En el otro extremo se sitúan aquellas personas que apenas tuvieron oportunidad de estudiar ni nunca pisaron la Universidad, pero poseen una sabiduría extraordinaria. Suelen ser personas que valoran la generosidad de nuestro planeta por todo lo que nos aporta y que saben a la perfección el esfuerzo que supone obtener los frutos del mar o la tierra. El trabajo, para estas personas, no es solo la condición imprescindible para la supervivencia, sino también la fuente principal de su conducta y ética. El apoyo mutuo ha sido la principal razón de nuestro éxito como especie. Y aquí vuelve a aparecer el amor como sustentador de la vida. La solidaridad dentro del grupo familiar o social es una de las formas de amor más eficaces para el sostenimiento de la existencia. El sentimiento de amor a los semejantes y a la naturaleza cuando alcanza cierta intensidad se trasforma en emociones trascendentes que han dado lugar a la religión, la poesía, la literatura y, en general, a la cultura y el arte. Buscamos con ahínco estos momentos de éxtasis, ya que nos hacen sentirnos vivos y próximos a planos más elevados de la existencia humana.

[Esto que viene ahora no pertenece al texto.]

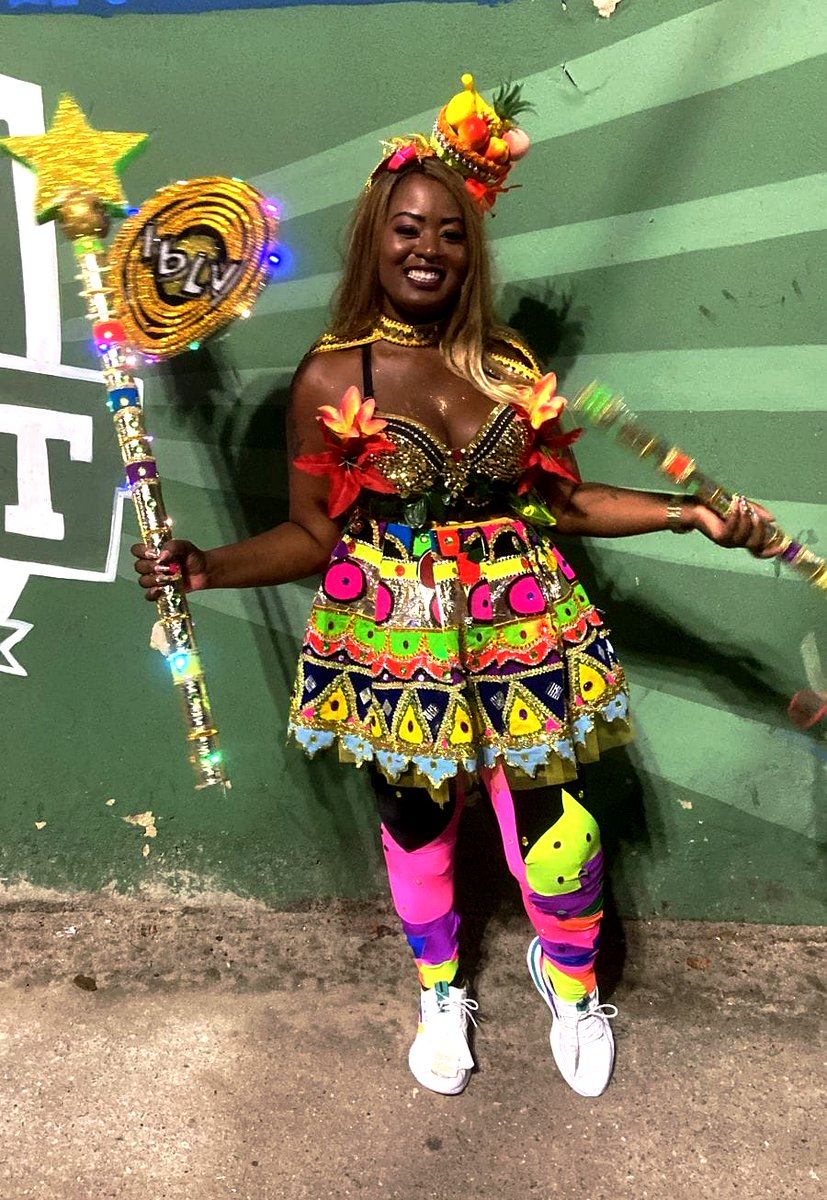 BateOficial's tweet photo. AS INABALÁVEIS DE ROCHA MIRANDA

La búsqueda del éxtasis lleva a algunos a escalar montañas o explorar grutas sumergidas, o bien a permanecer horas y horas en una profunda meditación. Por desgracia, también abundan los que buscan atajos insanos hacia el éxtasis, como la sensación de dominio sobre los demás o la pasajera sensación extática que aportan las drogas o el alcohol. Mi experiencia personal me ha enseñado que no hace falta emprender grandes proezas físicas ni irse muy lejos para alcanzar emociones trascendentes. Somos nosotros los que hacemos los lugares especiales y sagrados. La simple contemplación del amanecer, el sonido del viento soplando entre los árboles, el olor de la tierra tras la lluvia, el tacto de la piel de nuestros seres queridos, la palabra de amor de nuestras familiares y amigos, nos hace sentirnos vivos y agradecidos por la oportunidad que nos ofrece la tierra para gozar de una existencia plena y rica. Lo menos que se merece la tierra es que la amemos y que trabajemos juntos para restaurarla y recultivarla para los que estamos aquí y que los que vengan puedan disfrutarla. Este objetivo mundial tiene que traducirse en acciones concretas en los lugares en los que trabajamos y vivimos. Amar a Ceuta es luchar por ella por encima de nuestros intereses inmediatos. Tenemos ante nosotros la oportunidad de diseñar y emprender un ambicioso proyecto de restauración de nuestro patrimonio natural y cultural que devuelva a nuestro territorio muchos elementos naturales que hemos dañado durante el alocado tiempo del desarrollismo salvaje. El momento es ahora y el reto tan elevado como los logros a nuestro alcance. Solo necesitamos poner en circulación la fuente del amor y de la vida que con tanta fuerza brota de Ceuta.